We evaluated performance of our segmentation method presented in Sect. 4 on historical data using DSC measure, and the results are presented in Table 1. Each row in Table 1 corresponds to the approaches previously presented in Sect. 4.1 on the projections described in Sect. 4.4. The first column in Table 1 shows the results for the subset of IH from the validation dataset, the second column corresponds the IS subset of validation dataset, and the third column IS+IH corresponds to the full validation dataset. As Table 1 shows, we indeed improved the performance results by using ensembling, combining predictions from the three projections and postprocessing. In particular, the last line of Table 1 shows the performance result of 0.703 for the three-projections model, which is significantly better than the performance results of the single projection models (with \(p < 0.05\) in all the cases). As we can see from Table 1, the cases of IH are segmented better than the cases of IS, even though the amount of training cases for IS was twice as high as for IH. Therefore, we conclude that the task of segmentation of IS on non-contrast CT is significantly harder than the task of segmentation of IH, which is consistent with the performance of human radiologists, as described in Sect. 5.2.

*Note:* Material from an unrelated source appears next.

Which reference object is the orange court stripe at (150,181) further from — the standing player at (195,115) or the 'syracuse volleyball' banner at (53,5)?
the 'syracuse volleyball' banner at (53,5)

Table 1. Performance results of segmentation on validation dataset for different stroke types measured by mean patientwise DSC and std

5.2 Clinical Experiment

We conducted a clinical experiment based on the retrospective cases, in collaboration with one of the major medical research center located in a European country. One hundred eighty non-contrast head CT scans were selected in various hospitals for our experiment (hereinafter ExpData). The collected ExpData included 60 cases for each diagnosis - IS, IH and healthy tissue. The process of data selection and confirmation of diagnosis was made by a group of three experienced radiologists, having at least ten years of continuous and extensive experience in the acute stroke brain diagnosis. As a result, each case had the diagnosis collectively made by a group of three of these experts. All the collected cases were blinded by removing any patient specific information and shuffled randomly. In this experiment, ten radiologists from five leading hospitals in the region were independently tasked to analyze these cases and to make diagnosis. The radiologists had no access to the patient clinical records of the analyzed cases and did not know about the ratio of IS/HS/ healthy tissue in ExpData. In our experiment, these radiologists used the DICOM imaging analysis software, and had no time limit for the analysis. The experimental process was controlled by an independent researcher to achieve objective results.

Table 2. Comparative analysis of errors of our model vs radiologists (out 180 cases)

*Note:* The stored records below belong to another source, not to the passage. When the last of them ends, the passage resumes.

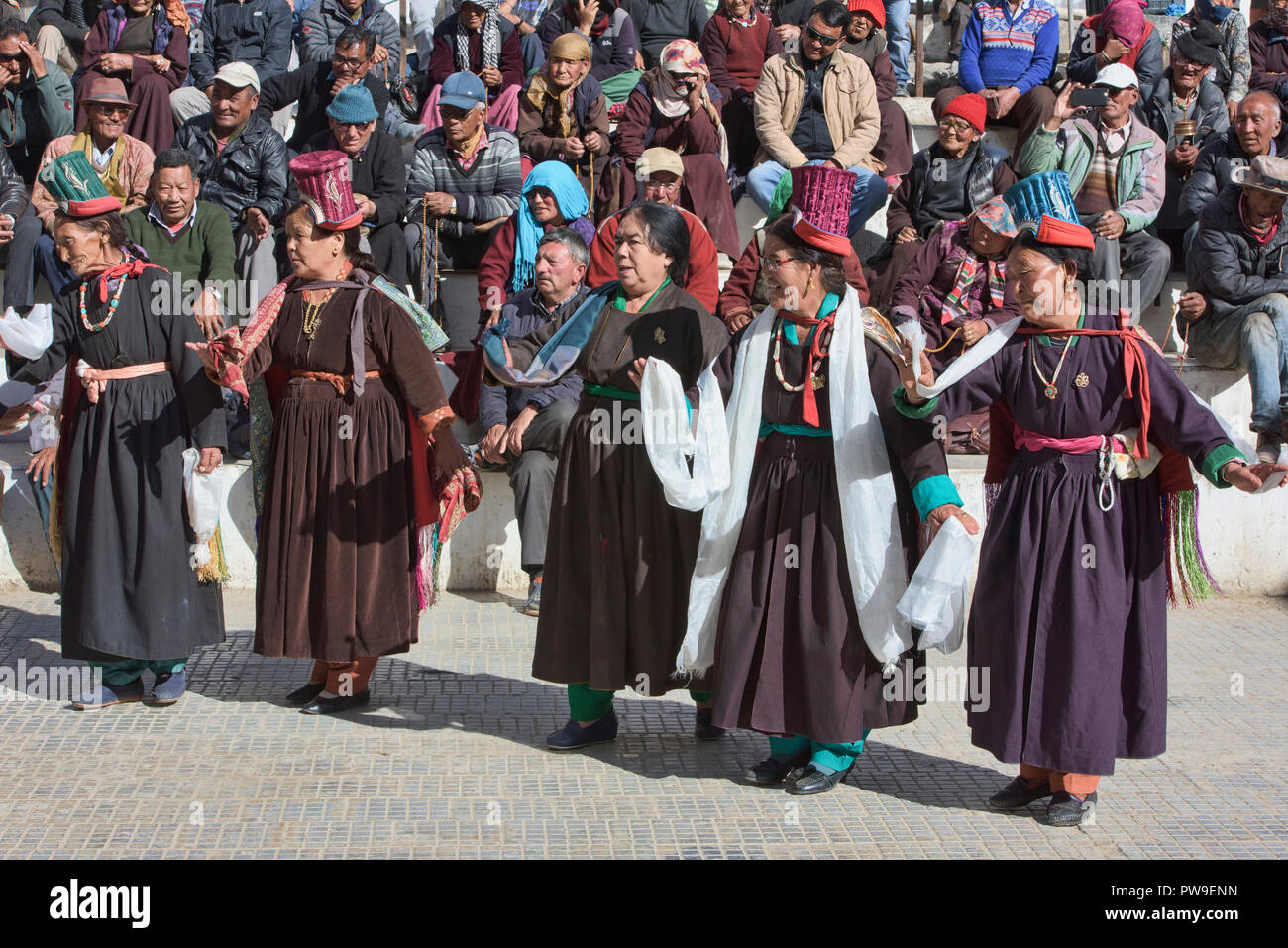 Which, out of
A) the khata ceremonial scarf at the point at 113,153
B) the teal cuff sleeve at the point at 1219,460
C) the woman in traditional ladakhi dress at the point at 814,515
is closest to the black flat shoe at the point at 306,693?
the woman in traditional ladakhi dress at the point at 814,515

We compare the performance of each radiologist against performance of our model using standard accuracy metric, and the Fisher’s exact test was used to calculate the p-value. We conclude from this analysis that our model significantly outperforms 7 radiologists out of 10 and achieves on par results with the remaining 3 radiologists (see Table 2 for specifics). Segmentation quality is not compared as labels are not available for the ExpData.

6 Conclusions

In this paper we proposed a novel approach to segmentation and classification based on the U-Net architecture that we modified in various ways to better perform acute stroke segmentations. We conducted an experiment on historical data and also did a clinical experiment involving ten experienced radiologists who analyzed 180 CT scan cases. On the historical data, our model made only 7 mistakes out of 180 and significantly outperformed 7 radiologists out of 10, while being on par with the remaining 3 radiologists. As a future work, we are planning to improve our system even further so it would outperform radiologists even better and make even fewer mistakes in the most difficult cases, including the cases of the early onset of strokes (a few hours). We are also planning to extend our approach to other diseases (e.g. traumatic brain injury, brain tumors).